Le Paidhi est un être humain et une fonction – accessoirement un pion. Après plus de deux siècles, c’est Bren Cameron qui a cette charge et cet honneur. Il est l’interprète, l’intermédiaire entre les humains et les atevis, les indigènes de la planète. Les relations n’ont pas été évidentes et une guerre a surgi. Les humains, malgré leur avance technologique, demeure sous la menace plus ou moins permanente d’une expulsion hors de la planète. La mission du paidhi est donc vitale pour l’espèce humaine. Il doit faire son possible pour atténuer les tensions, dissiper tout malentendu et anticiper les heurts.

De premier abord la lecture s’avère ardue. L’auteur ne transige pas, elle a une idée parfaitement claire de ce qu’elle veut conter, et elle ne perds pas de temps en rond de jambes ou paraboles superflues. Ici, pas de chapitre préparatoire ou pédagogique. Le lecteur plonge direct dans le vif du sujet alors que l’équipage est confronté à une panne dramatique. Puis, il débarque sur une planète étrangère et quelque peu étrange qui partage des caractéristiques avec la Terre. Tout ces éléments rendent l’entrée en matière délicate. Il faut quelques pages pour se familiariser avec cet ensemble… pour devoir recommencer une fois la colonie terrienne établie.

Effectivement, à peine les pieds de nouveau sur la terre ferme, le récit fait un bond de 200 ans  – charge au lecteur de comprendre la nouvelle situation et appréhender qui sont les différents intervenants. Cela peut s’avérer déstabilisant et… jouissif. Cherryh joue admirablement de cette déroute momentanée en ne précisant pas d’entrée à quelle origine appartiennent les protagonistes avec qui nous prenons contact. Elle exploite également la perplexité qui est la nôtre alors que nous attendons des décors, des paysages ou des éléments différents de ceux connus sur Terre… et ce n’est pas le cas: une framboise est une framboise (juste une image ici). On pourrait reprocher ce procédé à l’auteur en le taxant d’une certaine facilité, mais bien au contraire c’est vraiment brillant car cela participe justement à l’acculturation proposée tout en jouant sur la confusion.
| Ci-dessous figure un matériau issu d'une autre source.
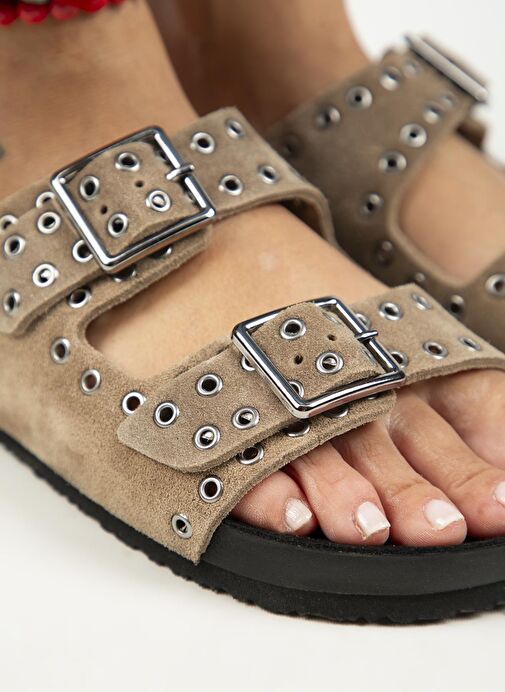 Manijero Vizon Kadın Süet Terlik MNJ.123.03 - Görsel 4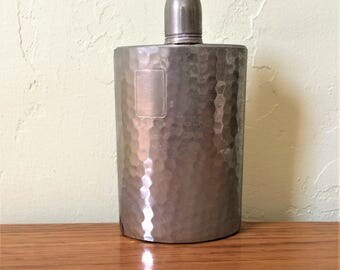 Vintage Hip Flask Curved Made In Germany Tin Lined, Hammered Chrome ? U.S. Zone, German Hip Flask 1940s WWII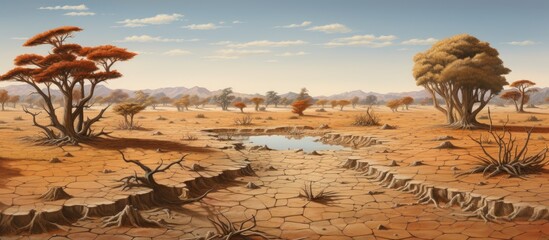 A painting depicting a desert scene with sparse trees and a small body of water, showcasing life emerging in an arid and degraded landscape due to water scarcity, global warming, and environmental - obrazy, fototapety, plakaty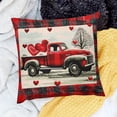 thumbnail image 2 of SHANXI Hopyeer Valentines Red Black Buffalo Check Plaid Love Pillow Covers Decorative Fish Red Lip Red Lover’s Saying Truck Cushion Case Sofa Spring Home Decor Pillowcase  12x12in, 2 of 5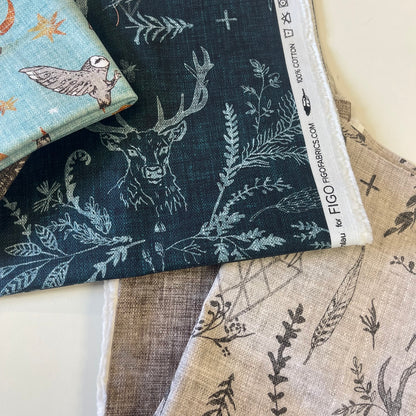 Forest Fable half yard quilting fabric bundle for crafting and sewing. 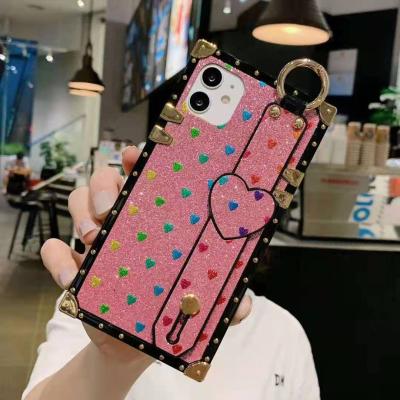 China Shockproof Drop Shipping Square Luxury Silicone Heart Love Rainbow Glitter Soft Phone Case For iPhone 12 Case for sale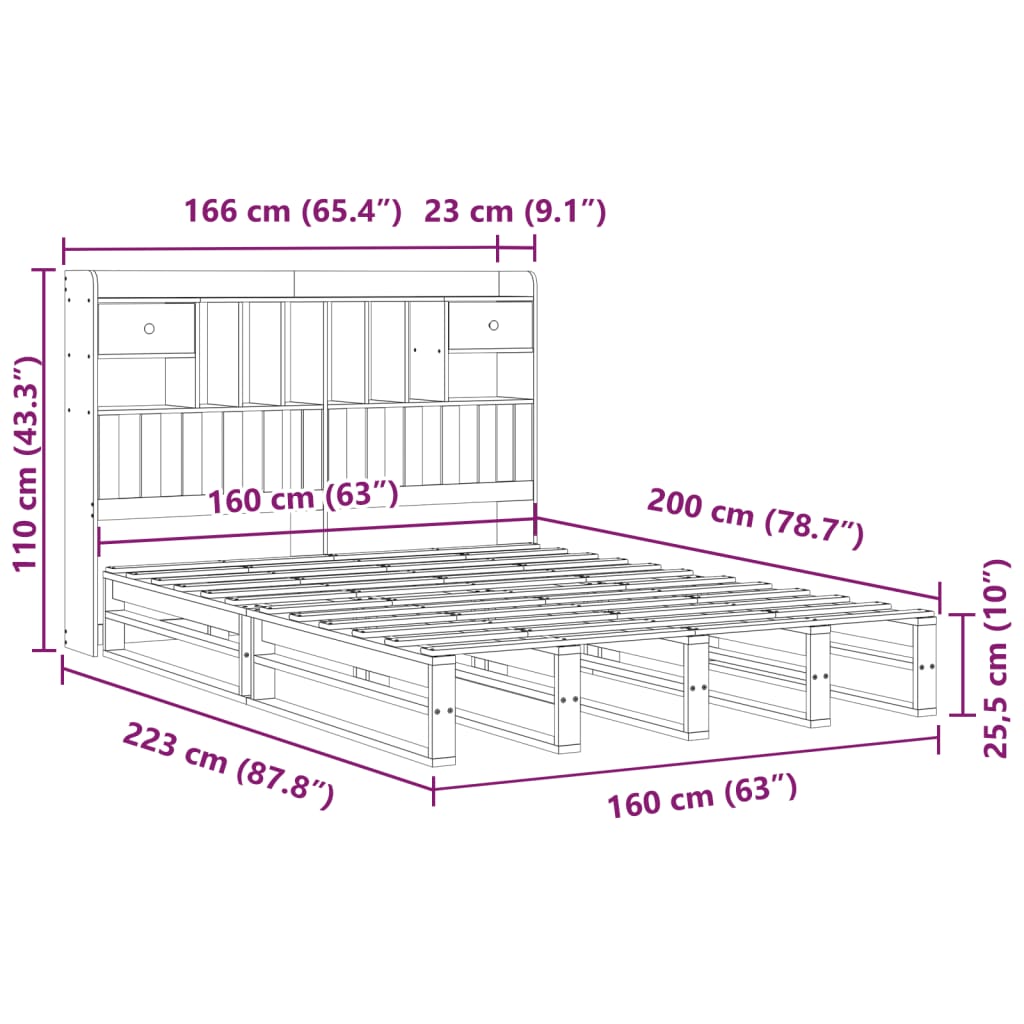 Seng Med Bokhylle Uten Madrass Hvit 160X200 Cm Heltre Furu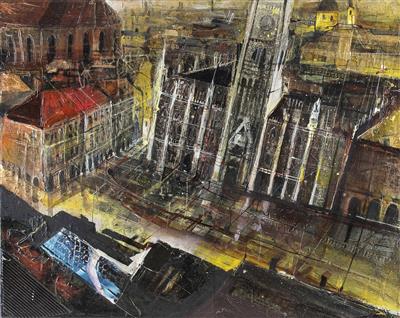 Münchner Stadtansicht - Marienplatz mit Rathaus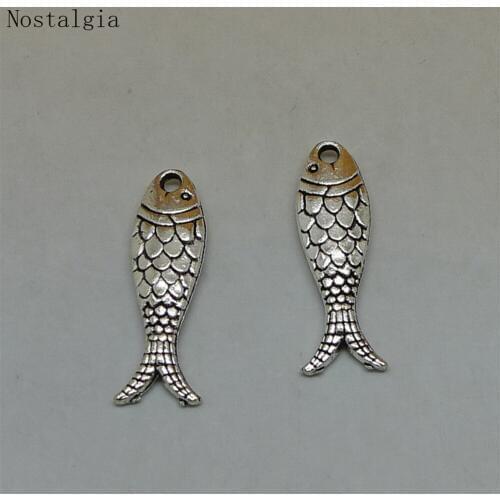 Nostalgia 10Pcs Fish Food Earrings Charms Pendant Antique Silver Plated Craft Diy 25*8MM
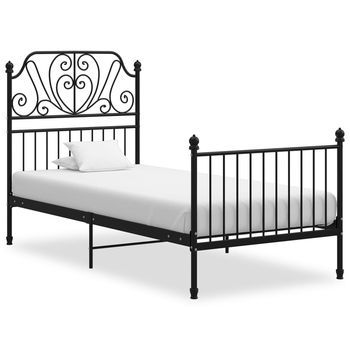 Estructura De Cama Sin Colchón Metal Negro 100x200 Cm Vidaxl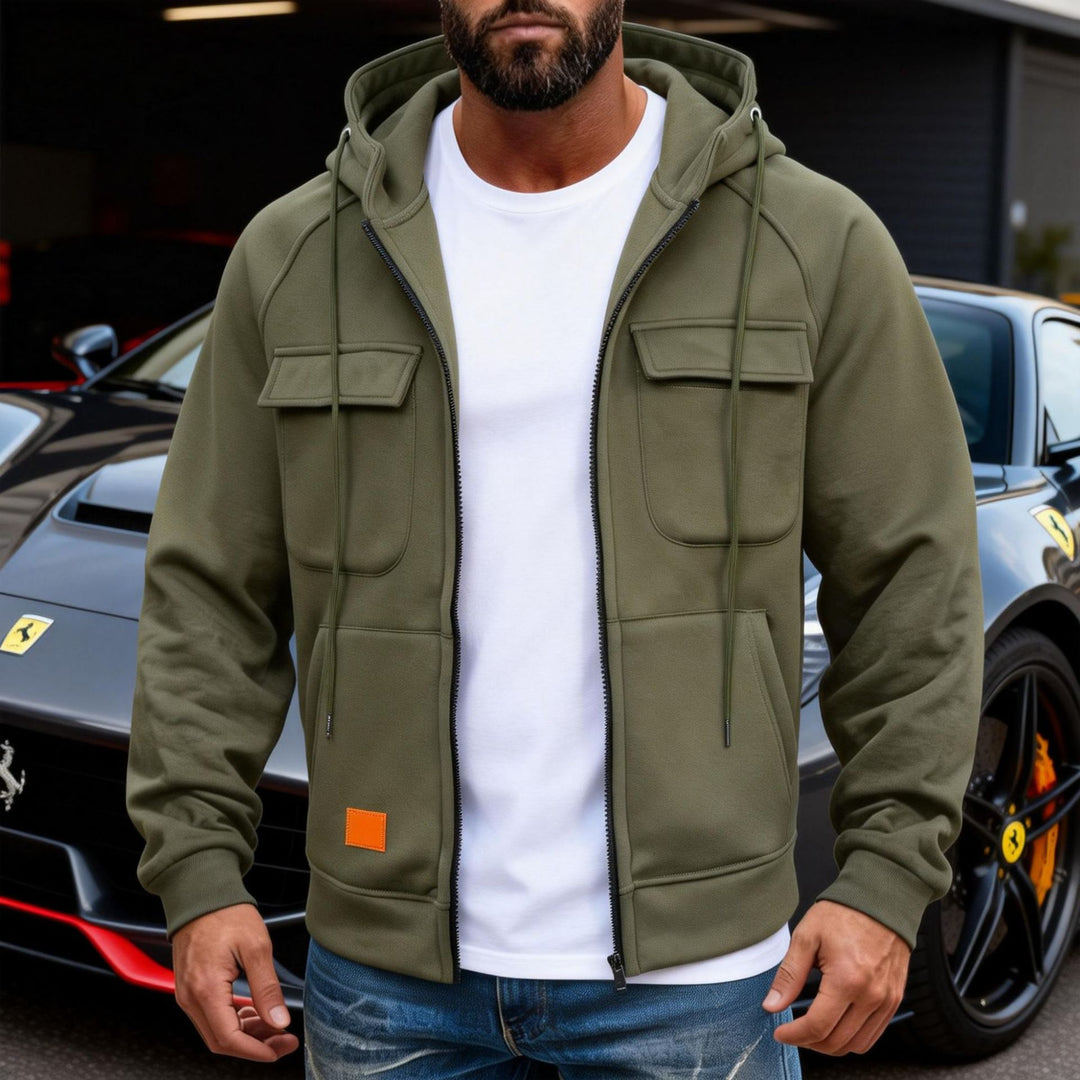 Herren Kapuzenjacke mit durchgehendem Reißverschluss, Brustklappen und moderner Slim‑Fit-Silhouette – Taviero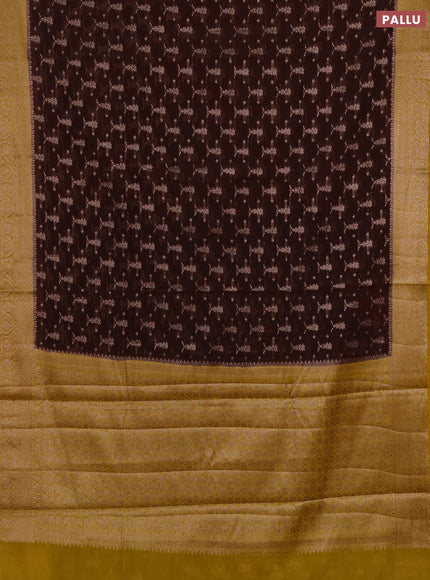 Semi chiniya silk saree coffee brown and mustard yellow with allover thread & zari woven buttas and woven border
Après quelques pages, le lecteur s’est accoutumé et cela rend la lecture plus fluide. Il aura d’ailleurs fort à faire avec la culture et la géopolitique particulières des atévis ! Carolyn Cherryh nous propose un monde très élaboré qui n’est pas sans rappeler l’ère Edo du Japon. En effet, un simili système de caste,  un monde dirigé par des chefs de clans qui prêtent allégeance à un seigneur de province, c’est le man-chi – une forme de clientélisme féodal. Mais les individus sont également liés entre eux par des man-chi personnels et pas toujours déclarés. Il existe aussi une guilde d’exécuteurs, car le meurtre est légal. L’acte est ritualisé et encadré : un défi doit être dûment annoncé et enregistré avant de se solder par un meurtre – rien à voir avec des duels. En outre, les seigneurs doivent vivre suivant des préceptes stricts d’exemplarité et de respect de la voie de l’honneur.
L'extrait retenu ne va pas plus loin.